Source data:

----

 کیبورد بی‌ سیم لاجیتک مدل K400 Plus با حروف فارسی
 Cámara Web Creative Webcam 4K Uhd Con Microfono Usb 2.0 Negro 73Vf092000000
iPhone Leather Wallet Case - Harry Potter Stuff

----

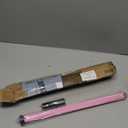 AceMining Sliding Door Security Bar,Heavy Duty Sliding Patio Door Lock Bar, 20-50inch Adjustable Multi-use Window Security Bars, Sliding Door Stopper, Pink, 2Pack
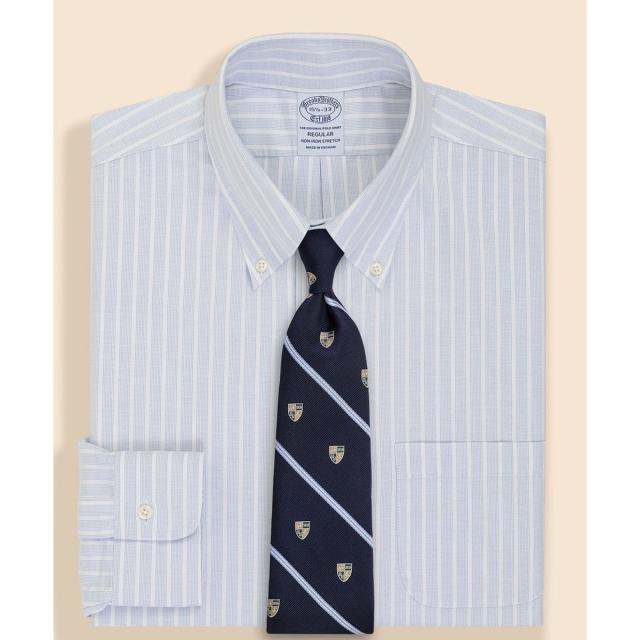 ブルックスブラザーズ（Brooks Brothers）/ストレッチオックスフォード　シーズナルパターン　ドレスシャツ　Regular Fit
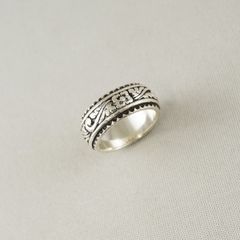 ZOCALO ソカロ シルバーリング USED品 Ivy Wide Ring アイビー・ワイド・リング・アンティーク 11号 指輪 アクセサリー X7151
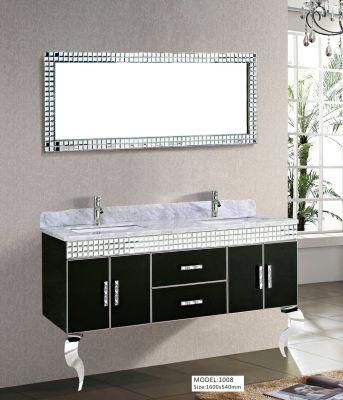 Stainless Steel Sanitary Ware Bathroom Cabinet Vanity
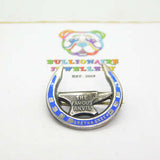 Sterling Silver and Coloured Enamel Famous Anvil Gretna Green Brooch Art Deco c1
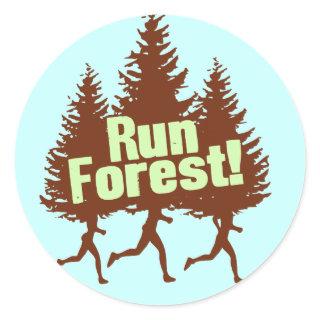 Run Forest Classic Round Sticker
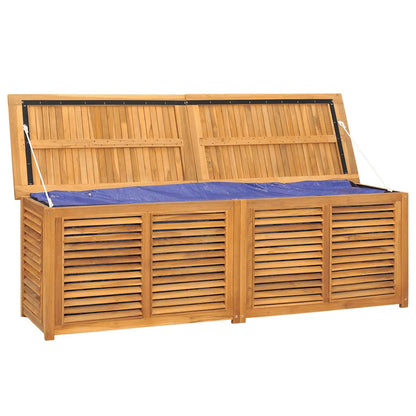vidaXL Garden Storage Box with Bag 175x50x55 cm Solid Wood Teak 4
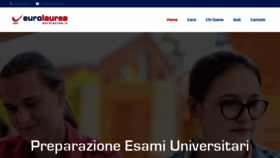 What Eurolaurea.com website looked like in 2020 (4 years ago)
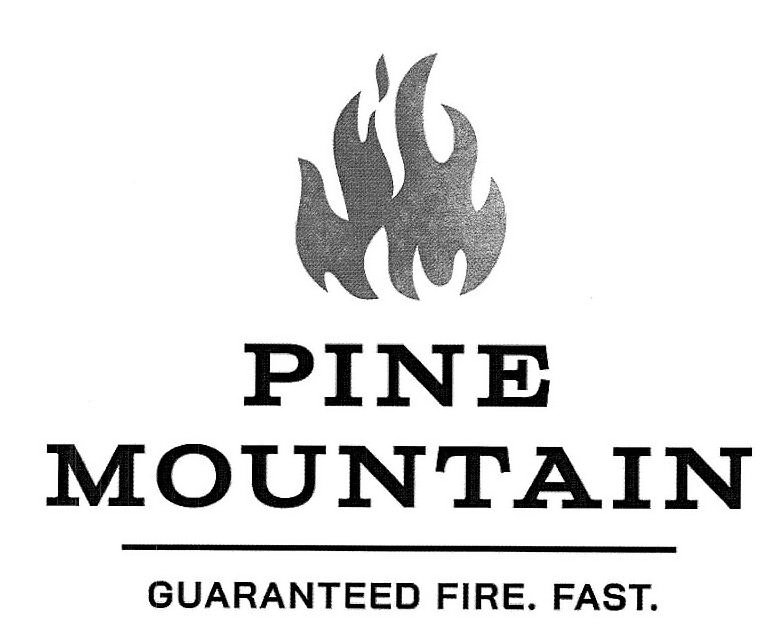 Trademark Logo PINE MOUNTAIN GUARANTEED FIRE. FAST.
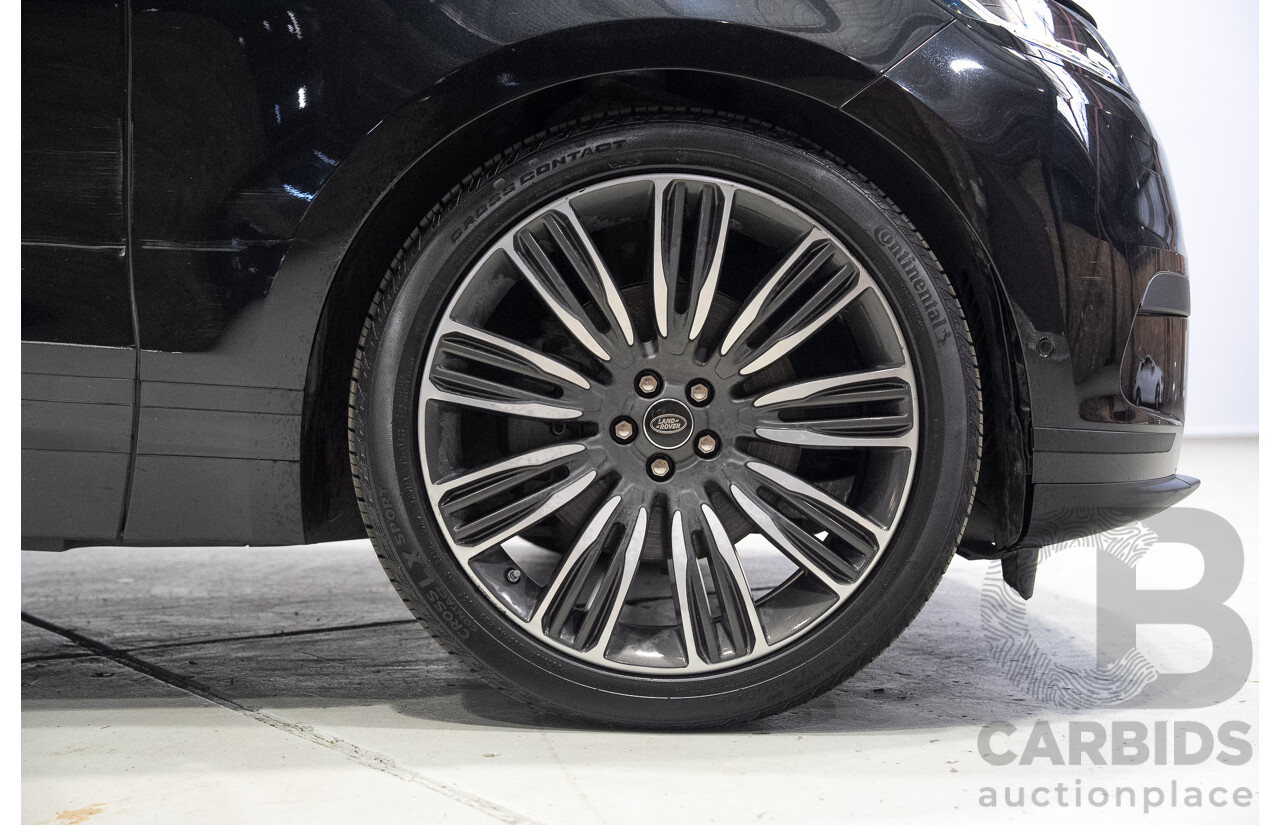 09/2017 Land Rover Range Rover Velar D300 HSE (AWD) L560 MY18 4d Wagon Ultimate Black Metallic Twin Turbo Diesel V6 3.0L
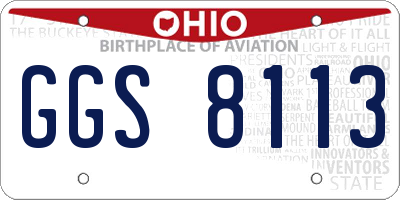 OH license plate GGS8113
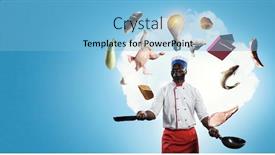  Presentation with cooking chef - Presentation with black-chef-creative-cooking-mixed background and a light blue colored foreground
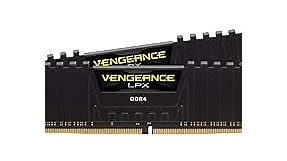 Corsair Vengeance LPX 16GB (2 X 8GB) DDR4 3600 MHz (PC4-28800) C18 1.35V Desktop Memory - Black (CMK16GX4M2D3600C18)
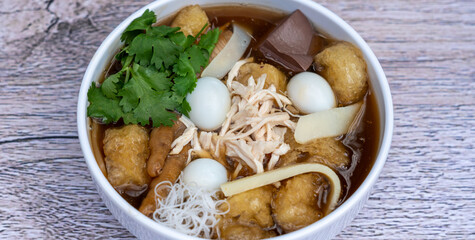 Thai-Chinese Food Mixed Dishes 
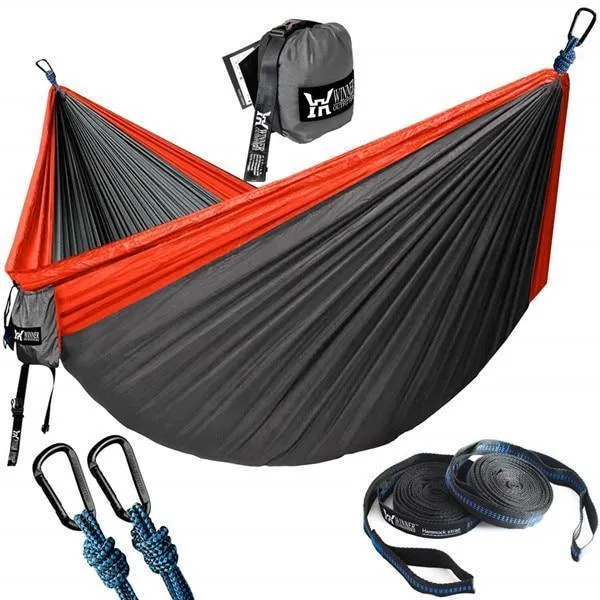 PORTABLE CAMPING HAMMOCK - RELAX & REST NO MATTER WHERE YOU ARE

----

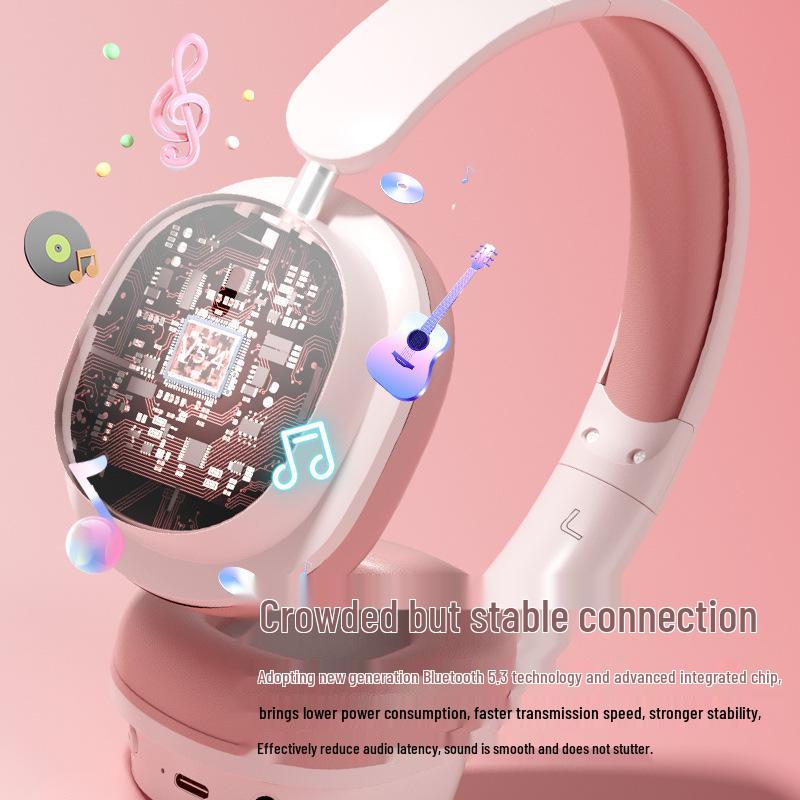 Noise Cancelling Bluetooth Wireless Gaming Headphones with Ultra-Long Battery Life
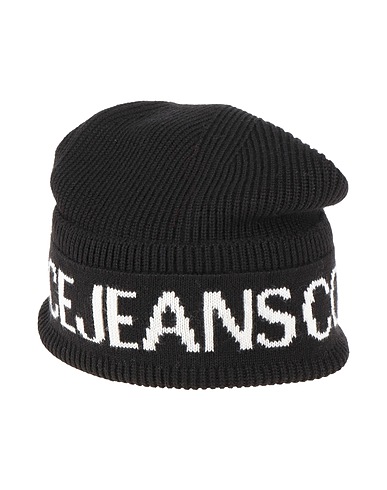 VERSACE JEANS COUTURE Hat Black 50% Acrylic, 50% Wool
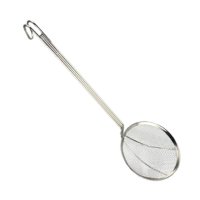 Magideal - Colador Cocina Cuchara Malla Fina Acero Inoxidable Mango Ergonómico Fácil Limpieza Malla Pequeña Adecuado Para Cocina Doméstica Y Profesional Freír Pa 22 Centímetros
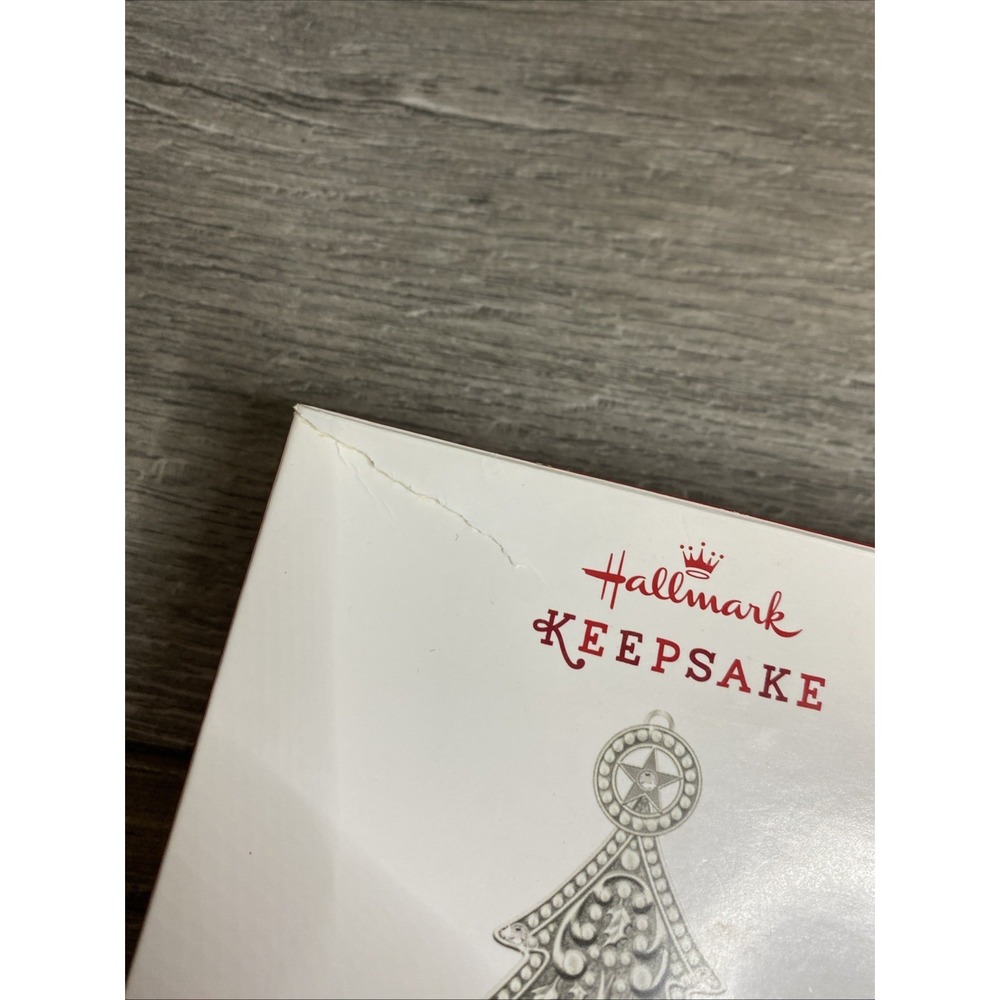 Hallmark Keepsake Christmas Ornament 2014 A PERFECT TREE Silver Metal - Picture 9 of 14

----

Problem details:
Would you write out exactly the lines above, starting at the line containing "Magideal - Colador" and stopping after the line containing "Hallmark Keepsake Christmas"? Omit the pictures.

Task output:
 Magideal - Colador Cocina Cuchara Malla Fina Acero Inoxidable Mango Ergonómico Fácil Limpieza Malla Pequeña Adecuado Para Cocina Doméstica Y Profesional Freír Pa 22 Centímetros
 Hallmark Keepsake Christmas Ornament 2014 A PERFECT TREE Silver Metal - Picture 9 of 14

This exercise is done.